Complexity / limits. Dominated by the GCD chain; the cheap pre-check avoids one full multivariate GCD on the common square-free case. Square-free decomposition is a prerequisite stage for full Factor.

  • Listable, Protected.
  • Automatically threads over lists, as well as equations, inequalities and logic functions.
  • Works on both univariate and multivariate polynomials.
  • Multivariate inputs use a cheap squarefree pre-check (F4 Stage 1): after content extraction in the main variable, sqfree_cheap_check substitutes integer values from {1, -1, 2, -2, 3, -3, 4} for the other variables and tests gcd(image, image') over Z[x]. If any image is squarefree at an alpha that preserves the leading-x degree, the pre-check proves pp is squarefree in x and the expensive multivariate gcd(pp, pp') is skipped. Soundness comes from content extraction guaranteeing any repeated factor of pp involves the main variable nontrivially. Measured 6.6× speedup on 4-variable squarefree inputs (6.27 s → 0.95 s); non-squarefree inputs fall through to the original Yun loop with negligible overhead.
  • The cheap pre-check's univariate gcd(image, image') runs through zupoly_gcd (subresultant PRS, GMP mpz_t coefficients). The previous implementation used poly_gcd_internal (Knuth-style primitive PRS at the Expr level) which suffers exponential coefficient growth on the intermediate pseudo-remainders; on a degree-31 univariate image (e.g. Factor[Expand[x^2 (z^13 - x^12)(z^4 + 3 x^9 - y^13)(17 - 5 y - z^14)]]) it ran for >120 s. Routing the same gcd through subresultant PRS keeps coefficient sizes polynomially bounded and runs in sub-millisecond time on the same input, bringing the full Factor call to under 1 s.

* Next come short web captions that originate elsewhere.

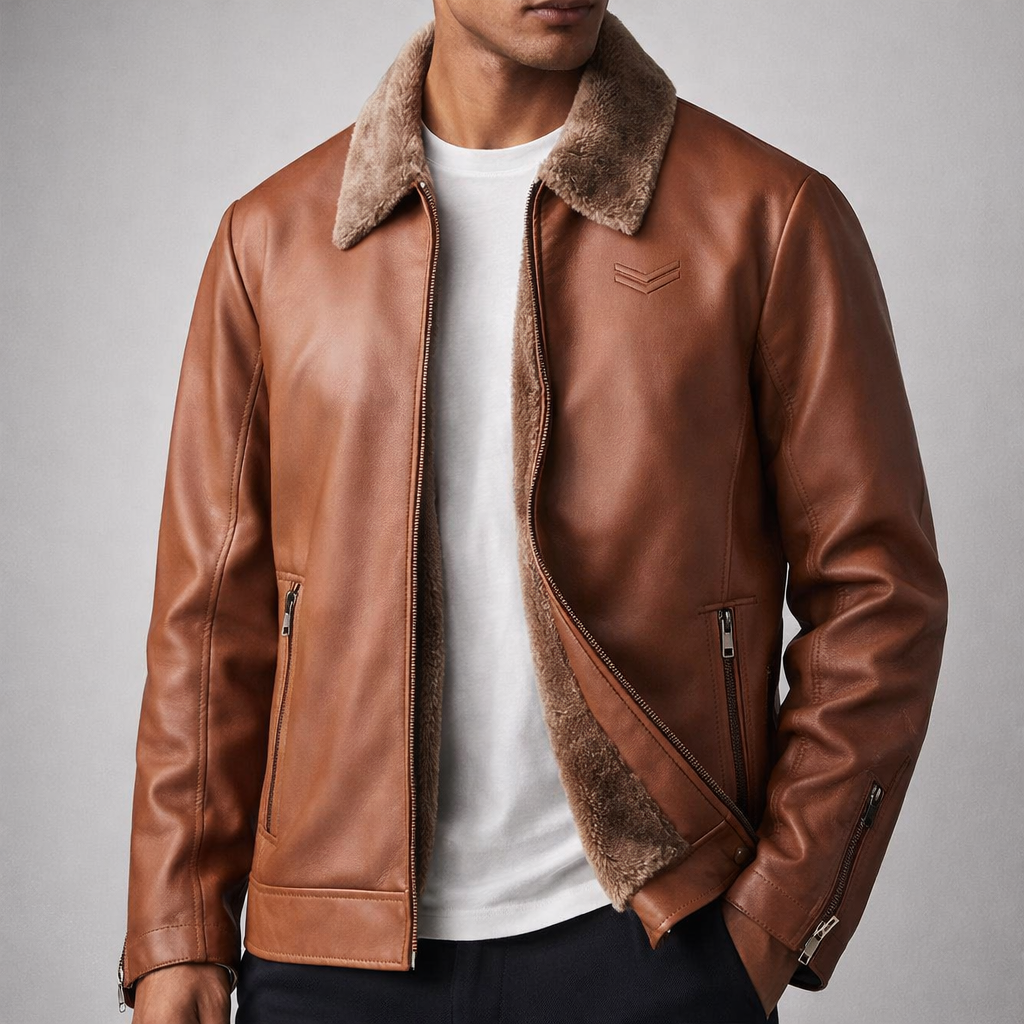Men's Leather Fleece Jacket-Outfit2Go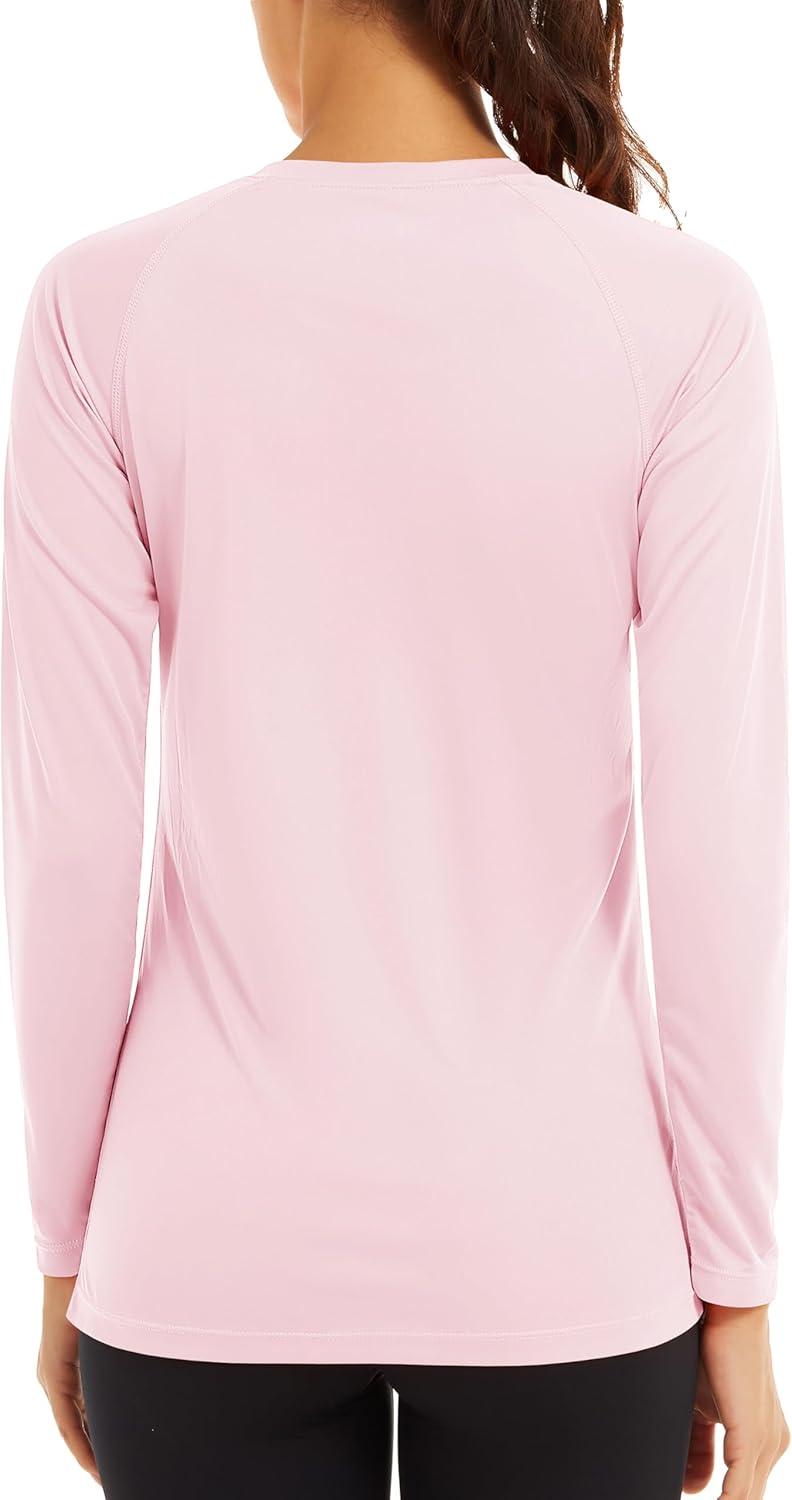 imageTACVASEN Womens Long Sleeve Rash Guard UPF 50 UV Sun Shirts Quick Dry Swim Shirt Hiking TopsPink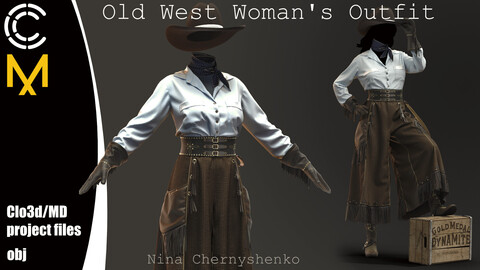 Old West Woman's Outfit. Marvelous Designer/Clo3d project + OBJ.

Attributes: Listable, Protected.

Implementation status

Stable — documented, exercised by the test suite and/or worked examples, with no known limitations recorded.

References

Notes & additional examples

Worked examples

In[1]:= FactorSquareFree[x^5 - x^4 - x + 1]
Out[1]= (-1 + x)^2 (1 + x + x^2 + x^3)

In[1]:= FactorSquareFree[(x^2+1)^3 (x-1)^2]
Out[1]= (-1 + x)^2 (1 + x^2)^3

In[1]:= FactorSquareFree[x^8 + 4 x^6 + 6 x^4 + 4 x^2 + 1]
Out[1]= (1 + x^2)^4

Notes

FactorSquareFree groups a polynomial into pairwise-coprime square-free factors carrying their multiplicities, using the Yun / Musser decomposition (GCDs of the polynomial with its derivative). It does not split factors that are square-free but reducible: 1 + x + x^2 + x^3 is left intact in the first example even though it factors as (1+x)(1+x^2). The last example recognises (1 + x^2)^4 as a perfect fourth power without ever calling full Factor, which is the point — it is cheaper than factorisation when only multiplicities are needed.